= Nedumangad Sivanandan =

Ragaratnam Nedumangad Sivanandan (V. Sivanandan Nair, born 30 June 1935) is a violinist in the Carnatic tradition of India, who has been in the forefront of both teaching of the Carnatic tradition on the violin, as well as its performance on stage. His contributions to Indian classical music span over 60 years.

==Early life and background==
Nedumangad Sivanandan was born to the harmonist-vocalist Neyyanttinkara Vasudevan Pillai and Dakshayani Amma in Neyyatinkara in Trivandrum district of Kerala. His family moved to Nedumangad, also in Trivandrum district, shortly after his birth. His early music training was with his father, after which he joined the Swathi Thirunal Music Academy, Thiruvananthapuram, graduating with a Ganabhushanam in music in 1954.

He went on to do higher studies in the violin in the Gurukula style as the disciple of one of the most famous violinists of the period, Virudunagar Ganapathiya Pillai, who was himself the disciple of the great violin Maestro Kumbakonam Rajamanickam Pillai. Since then Sivanandan has been performing on stage, as well as teaching the art of Carnatic violin to numerous disciples, many of whom have achieved professional excellence with the instrument. He continues to teach presently.

Professionally, he was a music teacher with the Education Department, Government of Kerala, superannuating from service in 1990.

==Professional accomplishments==
Nedumanagad Sivandan is a well-known accompanying artiste, soloist, teacher, and resource person for numerous music-related activities. He has been recognized with numerous titles and awards, including 'Ragaratna' and Srutilaya's 'Sargaratna'. He received the Kerala Sangeetha Nataka Akademi Award in 2000. He has performed on many stages in India and abroad.

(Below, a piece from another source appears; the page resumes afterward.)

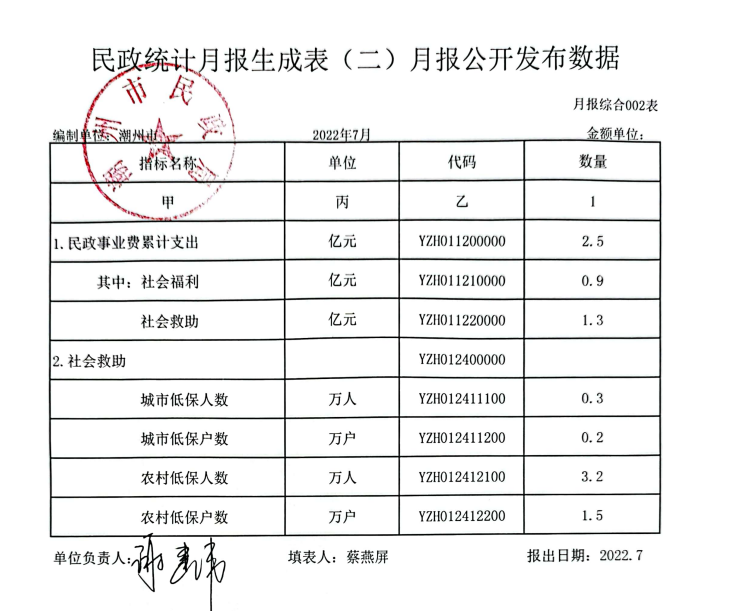2022年7月民政统计月报公开表.png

Nedumangad Sivanandan has been a mentor and teacher to a large and diverse student community. Among his students are some of the most well-known violinists in the contemporary music scene in Kerala, including several "A" Grade artists in All India Radio (Edappally Ajith Kumar, Thiruvizha Sivanandan, Cherthala Sivakumar, Thiruvizha "Viju" S. Ananad, Ms. Bindu K. Shenoy, Ms. V. Sindhu and Manjoor Renjith) and international artists like Toronto Jayadevan as well as a 'B High' Grade artists such as Neelur Jayakumar.

Nedumanagad Sivanandan has accompanied numerous senior vocalists including V. Dakshinamurthy, Neyyattinkara Vasudevan, Parassala Ponnammal, Padmashree K J Yesudas, Sudha Raghunathan, M.G. Radhakrishnan, T.M.Krishna, O.S.Tyagarajan, V. Ramachandran and Matangi Satyamurthy. At the same time, he has mentored numerous young vocalists & instrumentalists including Sankaran Namboothiri, and Vaikom Vijayalakshmi from their initial times. In 2007, he played the role of a violinist in the Malayalam film, Anandabhairavi.

His disciples, together with art lovers in the region, celebrated his 80th birthday on 28 June 2015 as "Sivananda Lahari", a day-long get-together with classical recitals and a public meeting.

==Family==
Nedumangad Sivanandan is married to Vilasini S. Nair. His daughter, Sindhu V., is herself a violin artiste and teacher of music at the Chembai Memorial Govt. Music College, Palghat. Nedumangad Sivanandan, together with Sindhu and her son, Adarsh Dileep, have performed in several places as the violin trio. His sons are Satish Babu and Santosh Babu.